As the Premier 15s goes into its second season, it is no exaggeration to say there is a lot in flux. Clubs are not only getting to grips with the competition – a home and away league season followed by a top-four playoff and grand final – but also the conditions placed on them as terms of their participation (largely a commitment to enhance resources available to the women’s game). There are new staff at almost every club, applying new techniques to new players. Add to that a first complete pre-season (last year’s campaign began after a World Cup) and you can see why Burford describes things the way she does.
Matt Banahan: ‘I still don’t know why Bath let me go. It cut me deeply’

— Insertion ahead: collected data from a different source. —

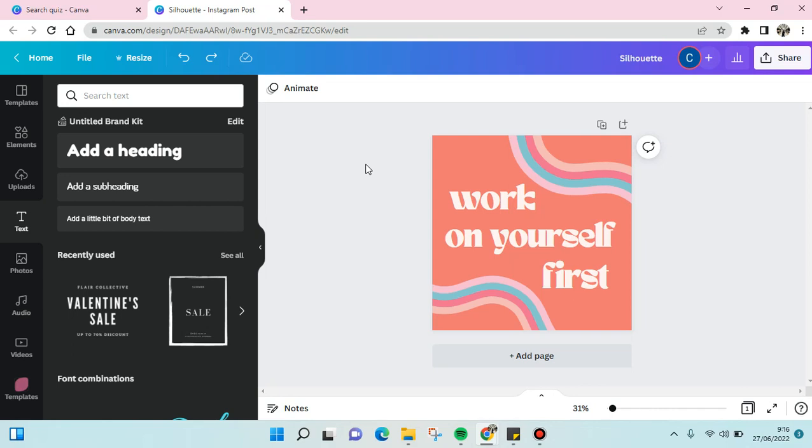Hi guys, welcome back to this channel. On today's video I'm going to show you how to change the font color in Canva. So here is my design and I want to change its font colors.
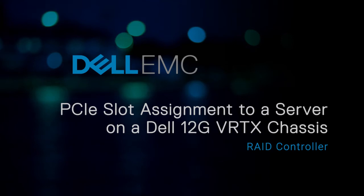In this video, we'll show how to map a PCIe slot to a server on a Dell 12th generation Vertix chassis.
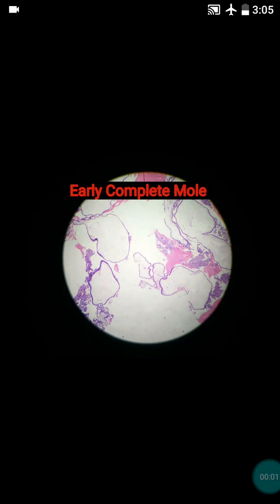Hi friends, today I am going to teach you regarding the hydatidiform mole. Before starting the discussion on the mole, first of all you should be familiar with the products of conception. I would like to request you to see the first video regarding the products of conception that was posted by me a few days ago.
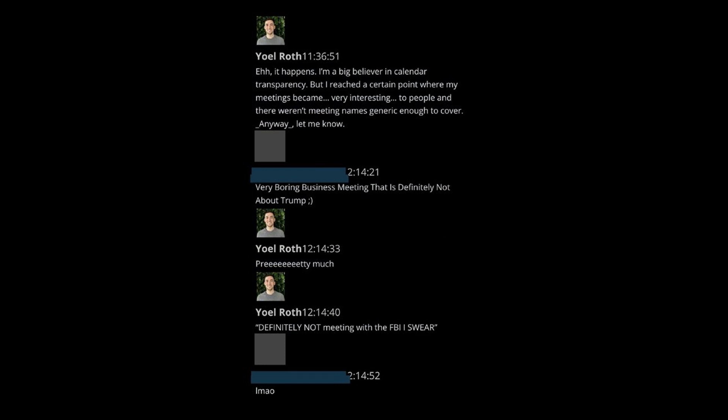In one discussion thread, Roth stated that his calendar meetings have become very interesting to people, and that there weren't meeting names generic enough to cover. In the same thread, a redacted employee states, 'very boring business meeting that is definitely not about Trump.'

Not that the 32-year-old is complaining. The Harlequins captain, and winner of 79 caps for England, is an eloquent ambassador for the competition. “I think last year [the Premier 15s] exceeded a lot of expectations,” she says. “There was much more coverage, on social media, in newspapers, on Sky Sports, the type of things I just don’t think people expected to see. Then there was the competition itself, the level of competitiveness across the board.
“A lot of people said there would be teams that would stand out stronger than the others, but you couldn’t call it. That excitement, along with all the off-pitch stuff as well, exceeded expectations. This season I think people are expecting bigger things again. Everybody just wants to kick on.”

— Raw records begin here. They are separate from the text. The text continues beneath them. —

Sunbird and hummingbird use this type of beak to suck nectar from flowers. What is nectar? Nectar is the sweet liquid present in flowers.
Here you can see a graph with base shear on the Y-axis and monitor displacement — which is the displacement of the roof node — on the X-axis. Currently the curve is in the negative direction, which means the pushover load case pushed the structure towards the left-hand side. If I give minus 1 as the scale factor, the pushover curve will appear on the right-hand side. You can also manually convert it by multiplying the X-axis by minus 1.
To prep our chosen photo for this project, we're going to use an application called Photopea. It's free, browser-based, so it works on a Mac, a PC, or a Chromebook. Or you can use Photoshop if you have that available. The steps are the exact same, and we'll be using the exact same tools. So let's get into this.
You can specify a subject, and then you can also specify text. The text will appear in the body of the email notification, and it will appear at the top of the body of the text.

Last season Quins finished runners-up, losing 24-20 to Saracens in the final. Of her team’s ambitions this term, which begins at Gloucester-Hartpury on Saturday afternoon, Burford is up front. “We’re not shying away from anything,” she says. “We want to finish top four, we want to be in a playoff situation and we want to go on and win the Premier 15s. We want to try and push on and win that trophy.”
Conquering the league will be difficult enough, with Saracens adding to their squad by re-signing the fly-half Sarah McKenna and also adding last season’s top try scorer in the Premier 15s, Chantelle Miell. Quins, for their part, have signed the England fly-half Emily Scott and Australian back row Chloe Butler. They also expect great things from their emerging player of last season,the teenage fly-half Ellie Green.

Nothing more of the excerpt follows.